At Oyster Point, in the harbor of New Haven, Connecticut, New England’s seafaring tradition is anything but history. The point is the birthplace of America’s oyster industry and home to the Sound School Regional Vocational Aquaculture Center. Aquaculture—the cultivation of aquatic organisms such as fish, clams, and oysters—is obviously the main focus, but the public high school’s curriculum touches on all things maritime. Students learn math through boat-building and navigation, music through sea-shanty-singing, literature and history through the study of nautically themed writings, and physical education by rowing traditional dories. Not that everything’s crusted with the past—the school also teaches plenty of modern chemistry, oceanography, and marine technology with state-of-the-art equipment.
Applied learning is the foundation of Sound School, says principal Steven Pynn, and its students tend to be more action-oriented and better problem-solvers than their peers. “They’re mavericks. They’re courageous. They had to make an active choice to leave their friends and embark on a journey on their own,” he says. The 25-year-old, 320-student campus draws its students from 19 surrounding districts, including urban New Haven, so very few students arrive at Sound School knowing any of their classmates.

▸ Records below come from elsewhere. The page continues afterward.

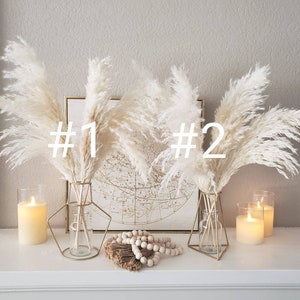 May include: A decorative display featuring two bouquets of fluffy, cream-colored pampas grass in gold geometric vases. The display includes lit candles in glass holders, a string of wooden beads, and a framed map.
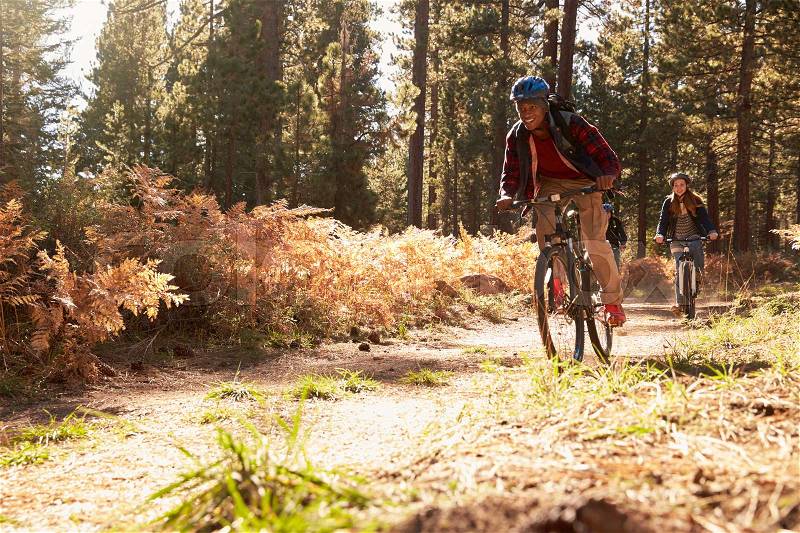 Black man and Caucasian woman riding bikes on a forest trail, stock photo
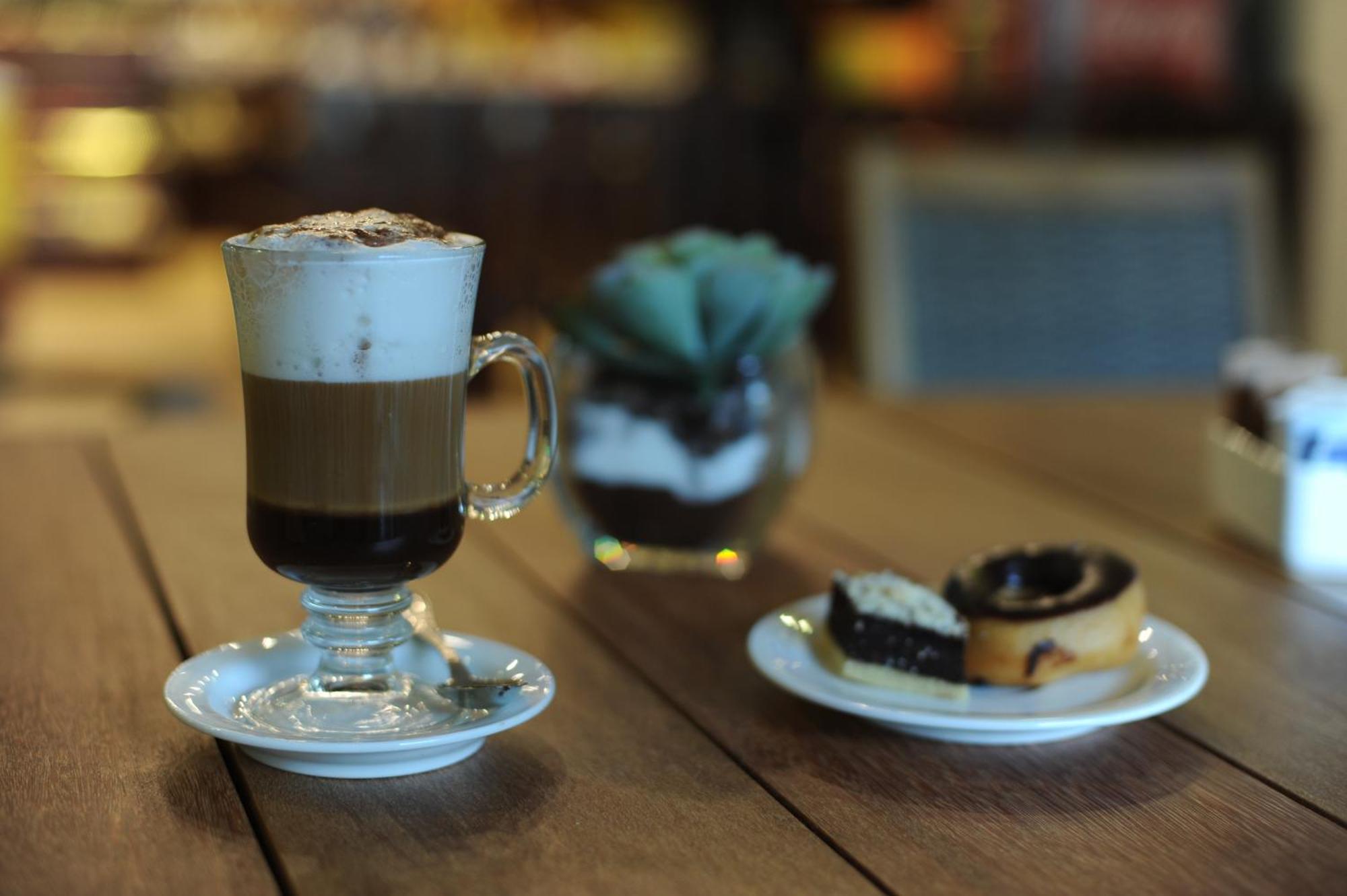 Impressive Punta Cana Hotel Exterior photo The photo shows a glass of layered coffee topped with foam and possibly cocoa powder, presented on a small white plate. Beside the coffee, there is a plate with two types of pastries: one appears to be a swirl-shaped pastry, likely cinnamon or chocol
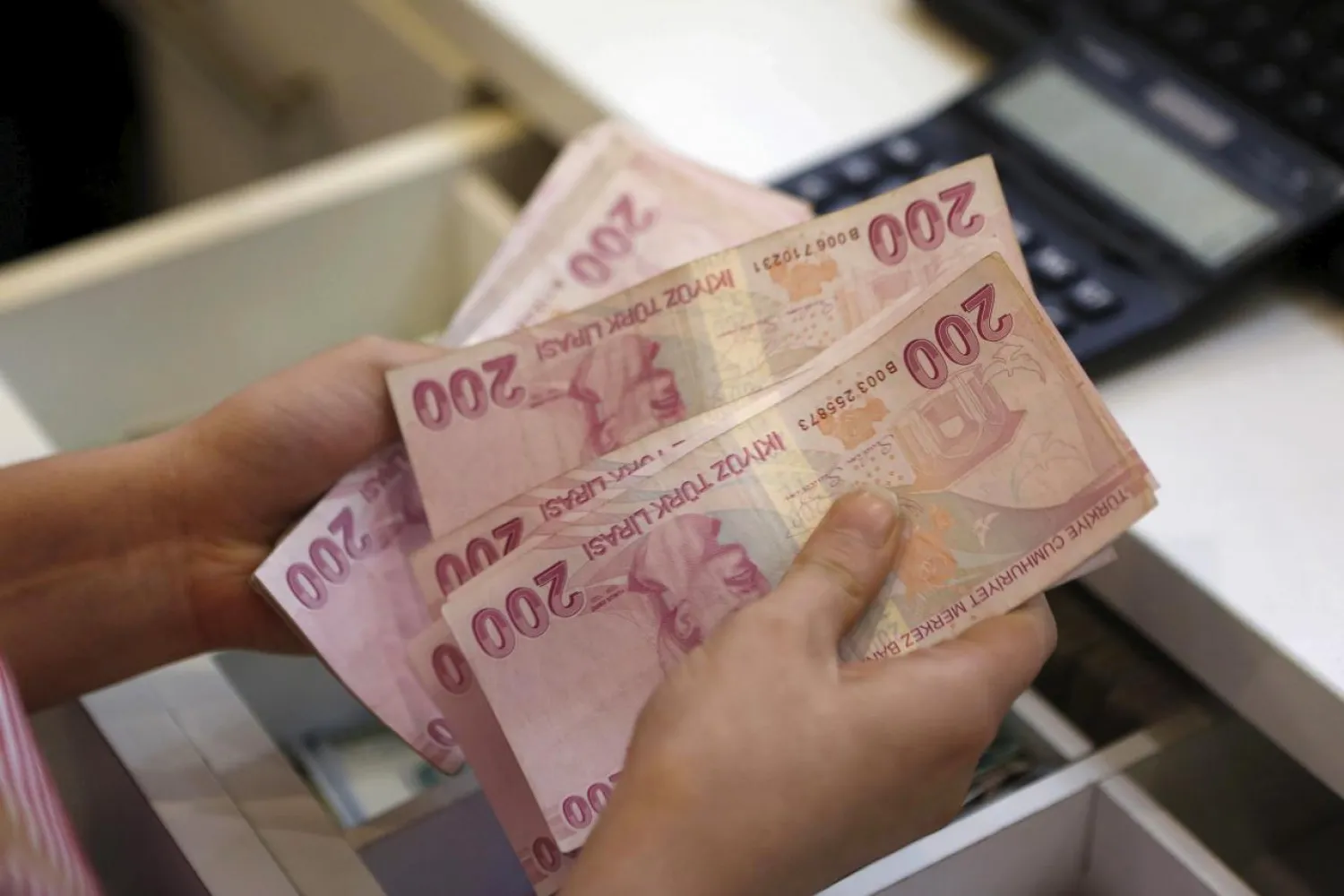 A money changer counts Turkish lira bills at an currency exchange office in central Istanbul, Turkey, August 21, 2015. REUTERS/Murad Sezer
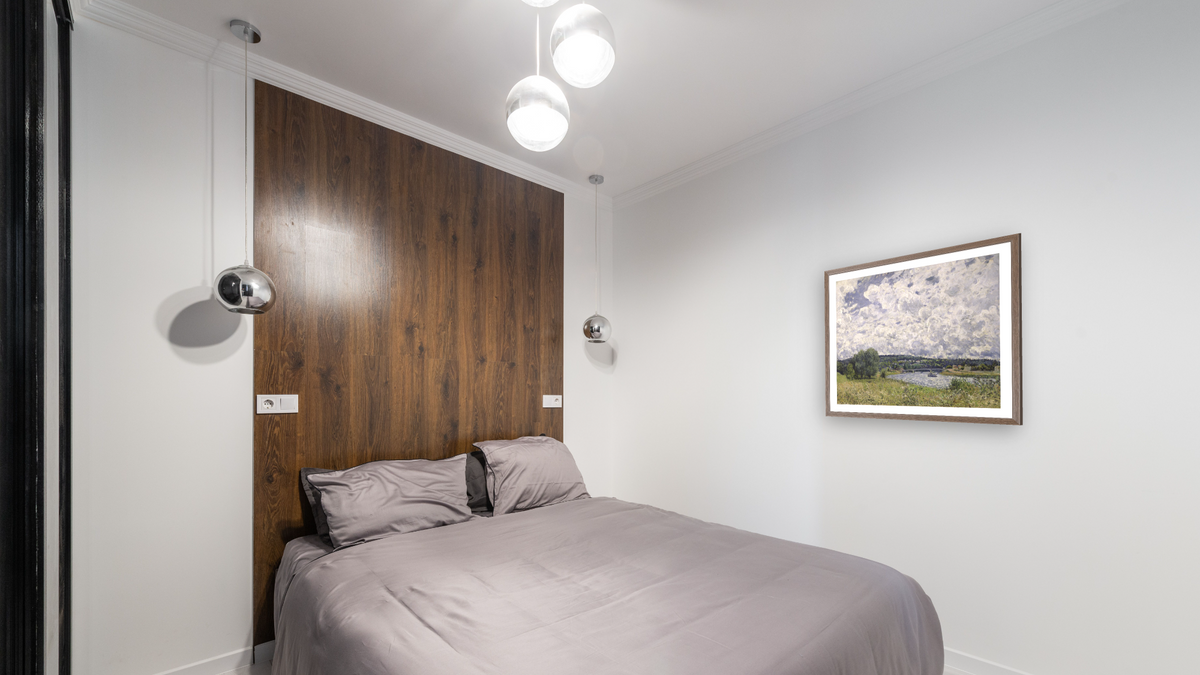 The Seine at Suresnes by Alfred Sisley, shown at 32 × 40 in (81.3 × 101.6 cm) in Arber Light Walnut, bedroom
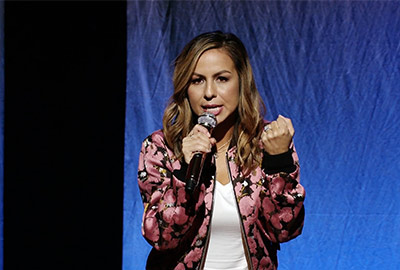 A woman is holding a microphone and singing.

The school’s dual role as regional vocational-ed center and college-prep high school means that students’ lives take a variety of trajectories after graduation. About 80 percent of graduates go on to higher education, while 20 percent enter marine trades or other vocations. A core element of Sound School’s educational program is the Supervised Occupational Experience—a 200-hour-per-year career-experience plan all students must design and complete under an adviser’s guidance. SOE locations can range from National Marine Fisheries Service laboratories to agricultural settings to elementary schools, depending on students’ interests and objectives. “We have a 98 percent attendance rate at Sound School,” Pynn says. “It’s learning with meaning. That’s central to every aspect of the school.”